Vatan toprağı + vatan suyu = güncel misak-ı milli sınırlarımız

Mavi Vatan Doktrini, 462 bin km²’lik Türk deniz yetki alanlarını tanımlayan ve Türkiye’nin denizlerdeki misak-ı milli’sini gösteren bir doktrindir/haritadır. Bu haritadaki Türk deniz yetki alanları karasal misak-ı milli sınırlarımıza dâhildir. Yani vatan suyu vatan toprağı gibidir, vatan toprağına dahildir. Türkiye’nin emperyalizme verecek ne bir karış vatan toprağı ne de bir yudum vatan suyu vardır! Vatan toprağı + vatan suyu = güncel misak-ı milli sınırlarımızdır.

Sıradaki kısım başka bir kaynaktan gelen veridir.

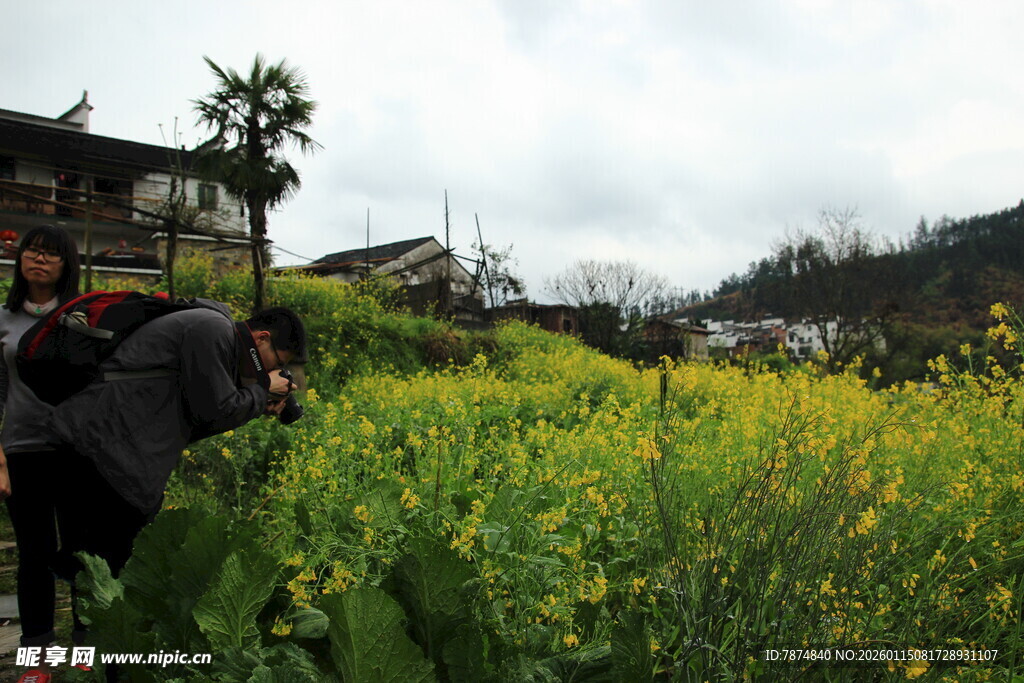 乡村田野中的油菜与民居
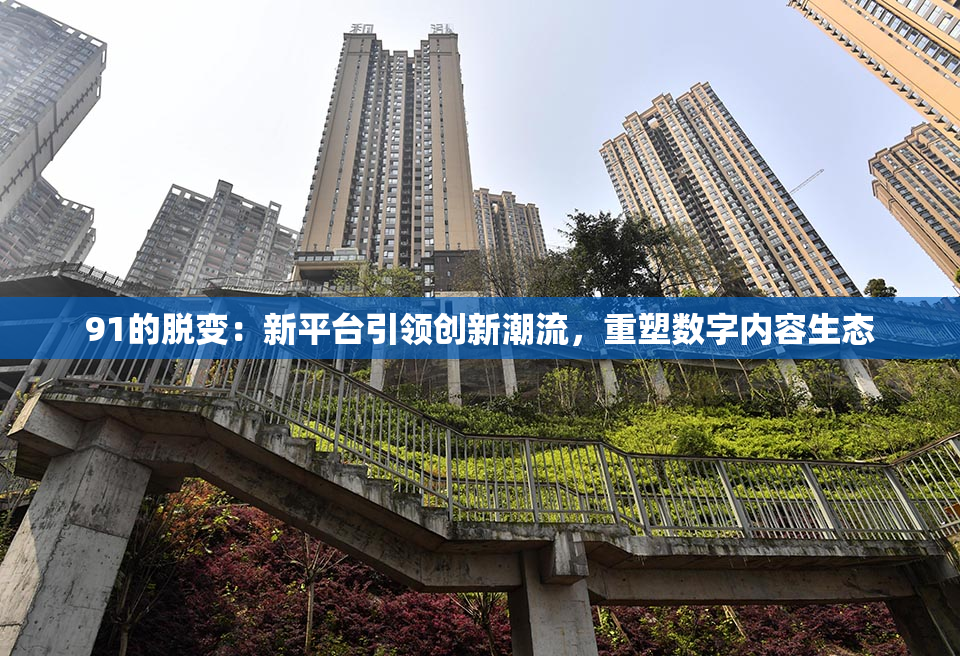 91的脱变：新平台引领创新潮流，重塑数字内容生态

Mavi Vatan’ın yeni bir Master Plan’a ihtiyacı yoktur, harita bellidir!

TDT içerisindeki bazı üye devletlerin Türkiye’yi Kıbrıs Adası’nda işgalci kabul etmeleri ve karşılığında 12 milyon avro almalarını takiben DEHUKAM isimli bir merkez tarafından “Mavi Vatan’a Master Plan, Mavi Vatan derinleşiyor” gibi medya başlıklarıyla duyurulan bir Denizcilik Mekânsal Planlaması (DMP) haritası servis edilmiştir. Öncelikle Mavi Vatan’ın yeni bir master plana ihtiyacı yoktur, çünkü harita bellidir!

DEHUKAM tarafından yayınlanan bu DMP, Libya-Türkiye MEB antlaşması öncesinde çizilmiş olan Mavi Vatan Haritası esinlenerek oluşturulmuştur. O nedenle haritada Libya-Türkiye MEB antlaşması sonrası aynı şekilde antlaşmanın simetrik olarak da uygulanabileceği düşünülerek yeniden çizilen ve Doğu Akdeniz’e eklemlendirilen yeni deniz yetki alanlarımız eksiktir. Bu da Türkiye’nin Doğu Akdeniz’de alan kaybetmesine, emperyalizme karşı milli hak ve menfaat kaybına ve uzun vadede Libya-Türkiye MEB antlaşmasının simetriğinde yer alan İsrail ile Filistin MEB antlaşması stratejilerinin önünü kapatabileceği gibi, mevcut Libya-Türkiye MEB antlaşmasının da kadük hâle gelmesine neden olabilecek stratejik bir hatadır.

Sonuç Yerine

TDT içerisinde yer alan bazı Türk Devletleri hükümetlerinin emperyalist planlara eklemlenerek Kıbrıs Adası’nda Türkiye’yi işgalci kabul etmeleri, Türk hak ve menfaatlerini Avrupa Komisyonu’na yalnızca 12 milyon Euro’ya pazarlamaları ne diplomasiyle ne stratejik ittifaklarla izah edilebilir bir durumdur. Bu durumun sindirilebilecek, hazmedilebilecek bir tarafı yoktur. Ve bu ihanet yalnızca KKTC’ye karşı değil, tüm bir Türk Dünyasına, Turan ülküsüne, Türk halklarının ortak hak ve menfaatlerine yönelik gerçekleşmiştir.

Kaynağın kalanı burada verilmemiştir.